▶ [Task prompt]: For each line of the listing that includes the word "Home", show the whole line.

☆ ☆ ☆ ☆ ☆ ☆ ☆

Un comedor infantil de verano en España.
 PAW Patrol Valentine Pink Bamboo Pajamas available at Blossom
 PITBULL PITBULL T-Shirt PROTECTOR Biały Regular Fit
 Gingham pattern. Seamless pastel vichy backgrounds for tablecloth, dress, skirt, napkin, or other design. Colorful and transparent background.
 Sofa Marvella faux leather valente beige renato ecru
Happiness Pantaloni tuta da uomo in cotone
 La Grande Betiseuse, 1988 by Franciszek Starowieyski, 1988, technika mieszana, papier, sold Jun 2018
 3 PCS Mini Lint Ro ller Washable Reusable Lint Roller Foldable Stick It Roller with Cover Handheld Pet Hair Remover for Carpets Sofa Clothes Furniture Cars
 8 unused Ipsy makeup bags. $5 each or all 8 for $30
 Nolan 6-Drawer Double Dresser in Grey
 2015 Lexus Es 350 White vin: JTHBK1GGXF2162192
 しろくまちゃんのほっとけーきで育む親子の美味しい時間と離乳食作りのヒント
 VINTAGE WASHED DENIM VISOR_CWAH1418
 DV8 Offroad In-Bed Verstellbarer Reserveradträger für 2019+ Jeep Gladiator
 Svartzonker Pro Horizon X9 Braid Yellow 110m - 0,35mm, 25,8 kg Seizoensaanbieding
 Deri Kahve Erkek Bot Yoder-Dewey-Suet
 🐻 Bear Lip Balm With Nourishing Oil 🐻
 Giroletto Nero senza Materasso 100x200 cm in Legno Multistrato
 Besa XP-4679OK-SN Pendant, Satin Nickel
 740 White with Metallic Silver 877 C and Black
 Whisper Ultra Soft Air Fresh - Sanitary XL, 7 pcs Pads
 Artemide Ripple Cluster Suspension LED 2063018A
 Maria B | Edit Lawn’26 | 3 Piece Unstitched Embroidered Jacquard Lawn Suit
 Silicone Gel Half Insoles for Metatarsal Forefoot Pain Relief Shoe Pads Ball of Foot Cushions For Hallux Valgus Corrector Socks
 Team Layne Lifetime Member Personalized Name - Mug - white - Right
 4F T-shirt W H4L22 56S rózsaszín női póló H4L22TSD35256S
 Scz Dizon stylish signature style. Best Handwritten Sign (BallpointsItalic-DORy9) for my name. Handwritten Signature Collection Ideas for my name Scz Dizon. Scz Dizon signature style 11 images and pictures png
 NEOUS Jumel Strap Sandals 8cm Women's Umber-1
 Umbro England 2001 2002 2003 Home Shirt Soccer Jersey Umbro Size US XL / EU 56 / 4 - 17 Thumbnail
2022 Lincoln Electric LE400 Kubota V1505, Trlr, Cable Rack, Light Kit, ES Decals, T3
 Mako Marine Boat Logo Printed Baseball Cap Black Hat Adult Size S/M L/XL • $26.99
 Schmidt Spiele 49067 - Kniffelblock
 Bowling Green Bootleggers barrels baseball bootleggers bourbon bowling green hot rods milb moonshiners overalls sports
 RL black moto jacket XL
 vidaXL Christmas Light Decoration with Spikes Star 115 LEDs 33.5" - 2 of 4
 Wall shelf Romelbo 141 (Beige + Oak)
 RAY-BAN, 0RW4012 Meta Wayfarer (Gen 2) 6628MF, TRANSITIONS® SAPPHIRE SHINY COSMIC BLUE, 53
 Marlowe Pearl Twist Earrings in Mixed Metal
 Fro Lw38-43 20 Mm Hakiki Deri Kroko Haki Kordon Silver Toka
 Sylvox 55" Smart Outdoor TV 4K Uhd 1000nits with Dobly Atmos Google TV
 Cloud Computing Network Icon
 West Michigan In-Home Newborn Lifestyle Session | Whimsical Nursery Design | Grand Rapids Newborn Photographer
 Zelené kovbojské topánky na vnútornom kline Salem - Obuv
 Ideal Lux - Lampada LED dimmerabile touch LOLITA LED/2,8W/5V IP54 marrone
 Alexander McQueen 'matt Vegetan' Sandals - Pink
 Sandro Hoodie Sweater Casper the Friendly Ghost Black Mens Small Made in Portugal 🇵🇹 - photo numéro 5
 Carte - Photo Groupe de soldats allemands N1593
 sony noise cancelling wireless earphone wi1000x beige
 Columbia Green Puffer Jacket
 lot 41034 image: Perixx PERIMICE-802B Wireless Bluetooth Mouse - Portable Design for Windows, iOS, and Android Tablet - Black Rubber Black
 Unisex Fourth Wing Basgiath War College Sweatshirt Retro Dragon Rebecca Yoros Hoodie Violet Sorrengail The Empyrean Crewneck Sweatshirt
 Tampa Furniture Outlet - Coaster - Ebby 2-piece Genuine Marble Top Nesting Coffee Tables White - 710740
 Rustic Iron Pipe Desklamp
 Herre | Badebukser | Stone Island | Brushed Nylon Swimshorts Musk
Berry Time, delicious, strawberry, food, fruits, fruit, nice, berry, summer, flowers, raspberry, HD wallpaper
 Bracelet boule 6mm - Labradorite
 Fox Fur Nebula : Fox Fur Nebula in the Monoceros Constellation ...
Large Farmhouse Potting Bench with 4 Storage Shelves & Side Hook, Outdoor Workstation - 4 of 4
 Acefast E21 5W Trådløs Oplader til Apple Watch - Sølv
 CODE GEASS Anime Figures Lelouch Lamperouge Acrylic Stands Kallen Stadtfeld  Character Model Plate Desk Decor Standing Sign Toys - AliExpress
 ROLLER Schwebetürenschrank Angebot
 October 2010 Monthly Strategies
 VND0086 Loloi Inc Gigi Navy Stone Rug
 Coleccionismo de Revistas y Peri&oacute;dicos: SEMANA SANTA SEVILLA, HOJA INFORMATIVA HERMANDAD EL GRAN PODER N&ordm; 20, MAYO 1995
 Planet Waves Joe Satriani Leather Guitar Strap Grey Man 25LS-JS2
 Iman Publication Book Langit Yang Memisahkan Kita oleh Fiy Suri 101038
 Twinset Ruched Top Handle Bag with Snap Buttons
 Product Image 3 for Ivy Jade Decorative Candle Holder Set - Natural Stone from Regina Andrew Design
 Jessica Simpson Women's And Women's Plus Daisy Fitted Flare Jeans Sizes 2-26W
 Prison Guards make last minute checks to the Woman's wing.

☆ ☆ ☆ ☆ ☆ ☆ ☆

▶ [Solution]:
 Umbro England 2001 2002 2003 Home Shirt Soccer Jersey Umbro Size US XL / EU 56 / 4 - 17 Thumbnail
 West Michigan In-Home Newborn Lifestyle Session | Whimsical Nursery Design | Grand Rapids Newborn Photographer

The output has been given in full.